# Median Income vs House Prices Correlation Analysis

Analyzing the relationship between median income by municipality and house prices.

In [40]:
import pandas as pd
import numpy as np
import plotly.express as px
import plotly.graph_objects as go
from scipy import stats

## Load Data

In [41]:
# Load datasets
properties = pd.read_csv('../data/cleaned/cleaned_dataset_v2.csv')
income = pd.read_csv('../data/raw/median_income.csv')

print(f"Properties: {len(properties)} rows")
print(f"Income data: {len(income)} municipalities")

Properties: 10946 rows
Income data: 580 municipalities


## Prepare Data

In [42]:
# Clean income data - convert municipality names to lowercase for matching
income['municipality_clean'] = income['municipality'].str.lower().str.strip()

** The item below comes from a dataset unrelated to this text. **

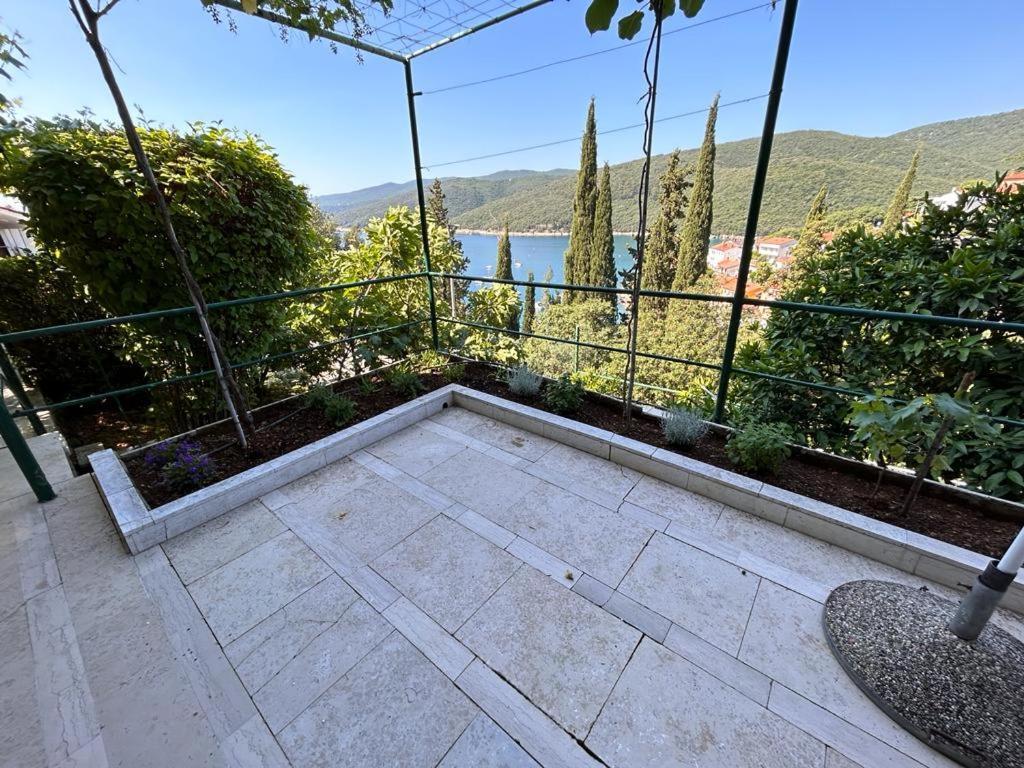 Apartment Near The Sea 650 Rabac Exterior foto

# The median_income is already numeric (in thousands of euros with dot as decimal)
# Just ensure it's float type
income['median_income'] = pd.to_numeric(income['median_income'], errors='coerce')

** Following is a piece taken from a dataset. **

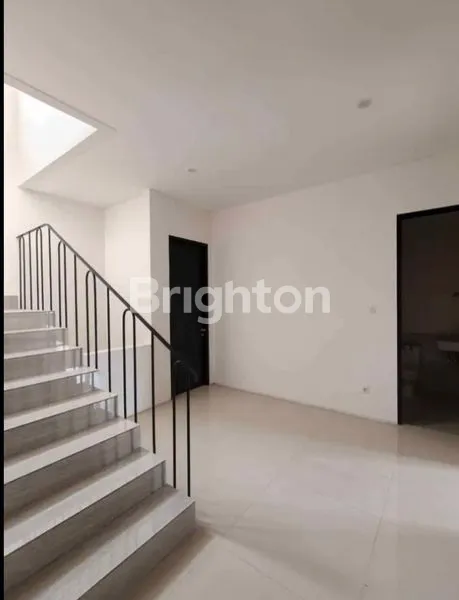 image RUMAH BARU 3 LANTAI SIAP HUNI AKSES TOL, PONDOK TJANDRA INDAH (5)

# Calculate average price per municipality
properties['locality_clean'] = properties['locality'].str.lower().str.strip()
avg_prices = properties.groupby('locality_clean')['price'].agg(['mean', 'median', 'count']).reset_index()
avg_prices.columns = ['municipality_clean', 'avg_price', 'median_price', 'property_count']

# Merge datasets
merged = avg_prices.merge(income[['municipality_clean', 'median_income']], 
                          on='municipality_clean', 
                          how='inner')

# Remove any rows with missing values
merged = merged.dropna()

print(f"Matched municipalities: {len(merged)}")
print(f"Total properties in matched municipalities: {merged['property_count'].sum()}")

Matched municipalities: 321
Total properties in matched municipalities: 5041


## Visualization

In [43]:
# Simple scatter plot
fig = px.scatter(merged, 
                 x='median_income', 
                 y='avg_price',
                 hover_name='municipality_clean',
                 labels={'median_income': 'Median Income (k€)', 
                        'avg_price': 'Average House Price (€)'},
                 title=f'Income vs Price Correlation (r = {merged["median_income"].corr(merged["avg_price"]):.3f})',
                 trendline='ols')

fig.update_traces(marker=dict(size=8, opacity=0.6, color='blue'))
fig.update_layout(height=500, template='plotly_white')
fig.show()

## Summary

The analysis shows the correlation between median income and house prices across Belgian municipalities.